Algemene opmerkingen

  • De plaatsing dient steeds te gebeuren conform het installatievoorschrift en het classificatierapport.
  • Stand van de as: zie prestatieverklaring.
  • Vermijd obstructie van aansluitende kanalen.
  • Inbouw van het product: altijd met gesloten klepblad.
  • Kijk na of het klepblad vrij kan bewegen.
  • Bij montage dienen de veiligheidsafstanden t.o.v. andere constructie-elementen gerespecteerd te worden. Het bedieningsmechanisme moet ook toegankelijk zijn: voorzie een speling van 200 mm rond de behuizing.

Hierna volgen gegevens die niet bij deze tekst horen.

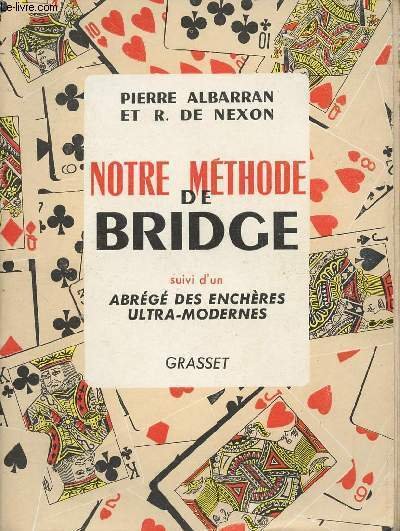 Notre m�thode de Bridge - suivi d'un abr�g� des ench�res …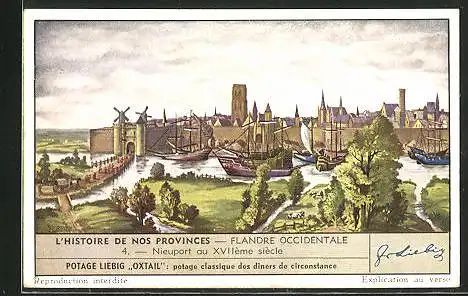 Sammelbild Liebig, L`Histoire de nos Provinces, Flandre Occidentale, Nieuport au XVIIème siècle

  • De klasse van luchtdichtheid blijft behouden indien de installatie van de brandklep gebeurt conform de installatievoorschriften
  • Rf-t brandkleppen worden steeds getest in gestandaardiseerde draagconstructies volgens EN 1366-2. De behaalde resultaten gelden voor gelijksoortige draagconstructies met een brandweerstand, dikte en dichtheid gelijk aan of groter dan de draagconstructie van de test.

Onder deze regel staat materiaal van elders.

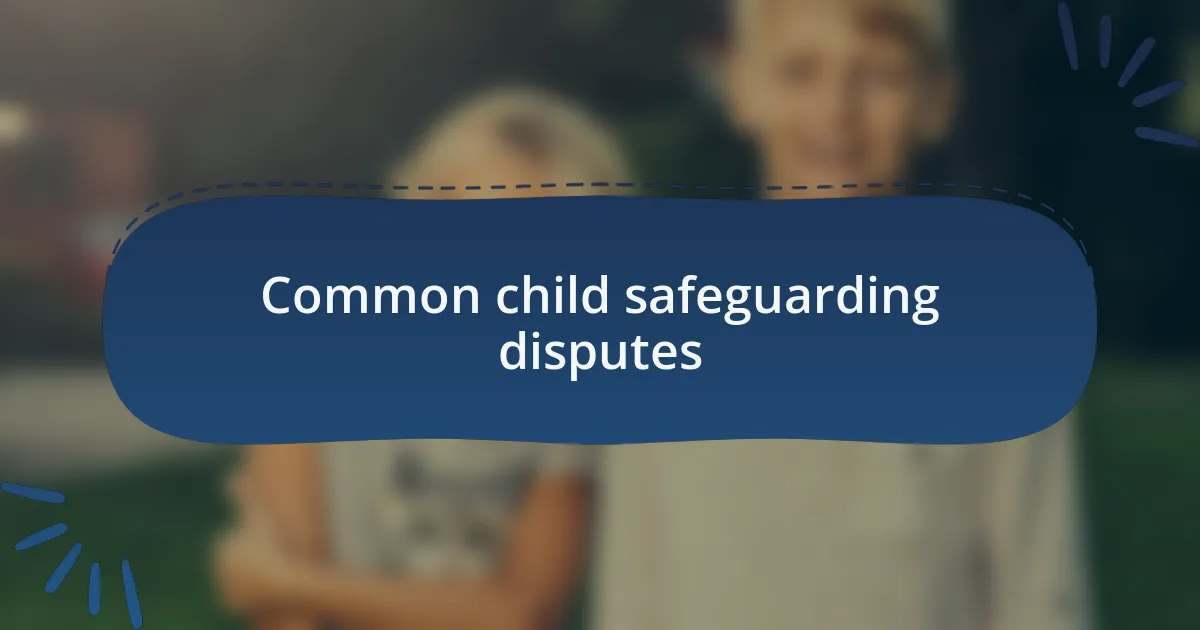 Common child safeguarding disputes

  • Als de wanddikte groter is dan de minimale dikte aangegeven in onze installatievoorschriften, gelden volgende voorwaarden voor de afdichtdiepte: - Bij flexibele wanden en sandwichpaneelsysteemwanden moet de afdichting steeds over de volledige diepte van de wand aangebracht worden. - Bij massieve wanden, massieve vloeren en gipsblokkenwanden volstaat de minimale afdichtdiepte zoals aangeduid in onze installatievoorschriften (vaak gelijk aan de minimale wanddikte). Afdichting aan te brengen ter hoogte van het klepblad (vanaf de wall limit aanduiding/inbouwaanslag).
  • Bij inbouw van een brandklep in een flexibele metal stud wand is het bij sommige installatiemethodes vanuit brandtechnisch oogpunt niet noodzakelijk om versterkingsprofielen rond de wandopening aan te brengen (zie verder). Hou voor opbouw van dit type wanden steeds rekening met de algemene instructies van de producent van deze wandsystemen.
  • De klep moet bereikbaar zijn voor inspectie en onderhoud.
  • Minstens 2 visuele controles per jaar zijn aangewezen.